Nothing but the lines from the one with "Hornady Lock-N-Load Precision" through the final line of the entries should appear in the answer, copied exactly and without pictures.

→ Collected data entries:
* * *
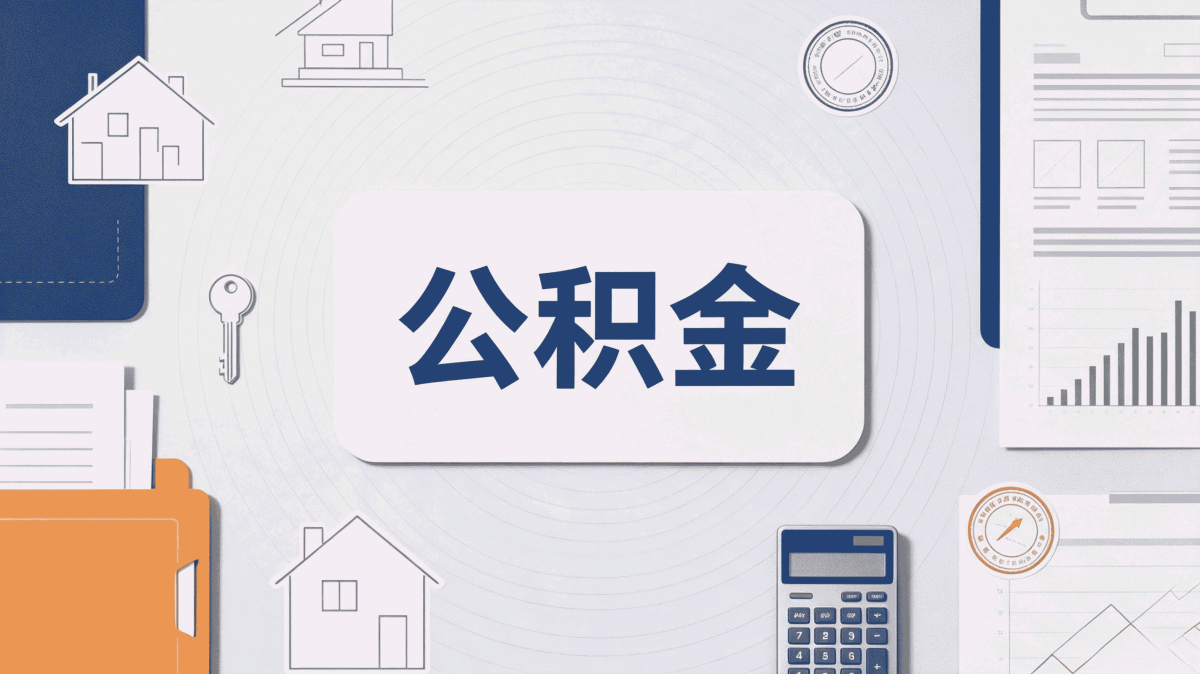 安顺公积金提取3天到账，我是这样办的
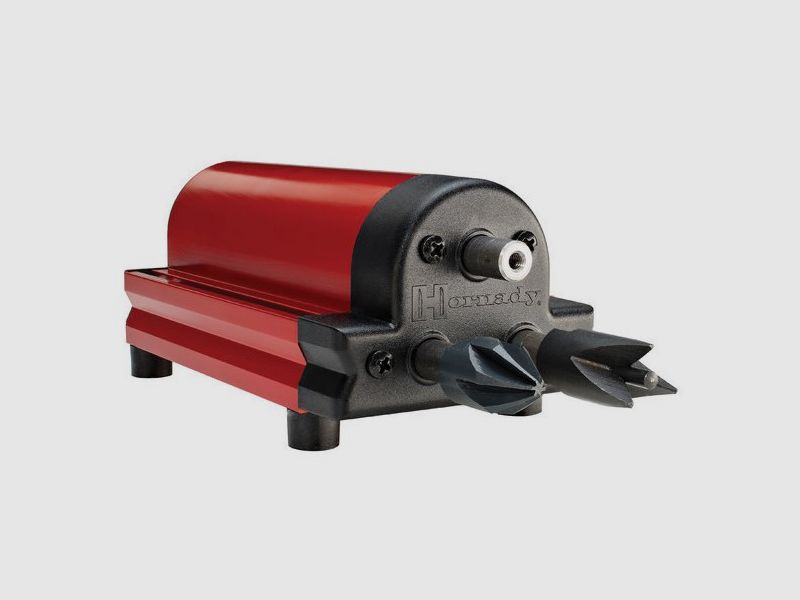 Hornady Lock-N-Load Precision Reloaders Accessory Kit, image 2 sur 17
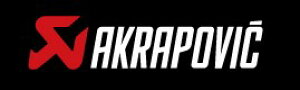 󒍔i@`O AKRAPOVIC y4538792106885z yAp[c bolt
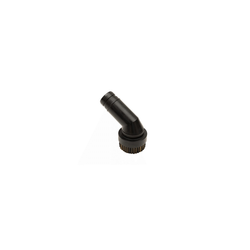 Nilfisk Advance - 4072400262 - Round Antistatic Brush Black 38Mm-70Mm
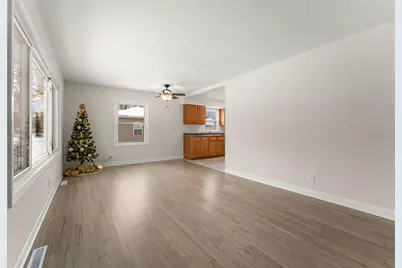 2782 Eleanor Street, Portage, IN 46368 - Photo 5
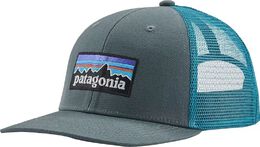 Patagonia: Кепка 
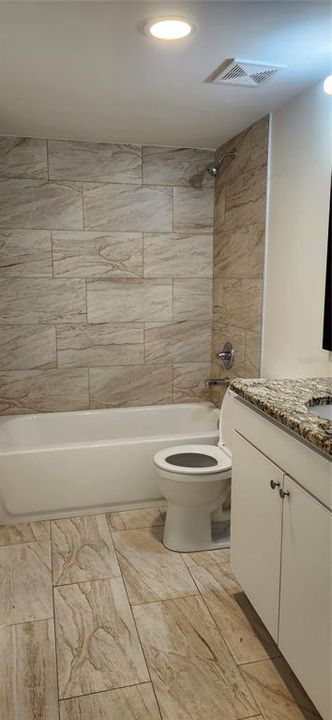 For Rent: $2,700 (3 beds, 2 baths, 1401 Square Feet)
* * *
→ Answer to this problem:
 Hornady Lock-N-Load Precision Reloaders Accessory Kit, image 2 sur 17
 󒍔i@`O AKRAPOVIC y4538792106885z yAp[c bolt
 Nilfisk Advance - 4072400262 - Round Antistatic Brush Black 38Mm-70Mm
 2782 Eleanor Street, Portage, IN 46368 - Photo 5
 Patagonia: Кепка 
 For Rent: $2,700 (3 beds, 2 baths, 1401 Square Feet)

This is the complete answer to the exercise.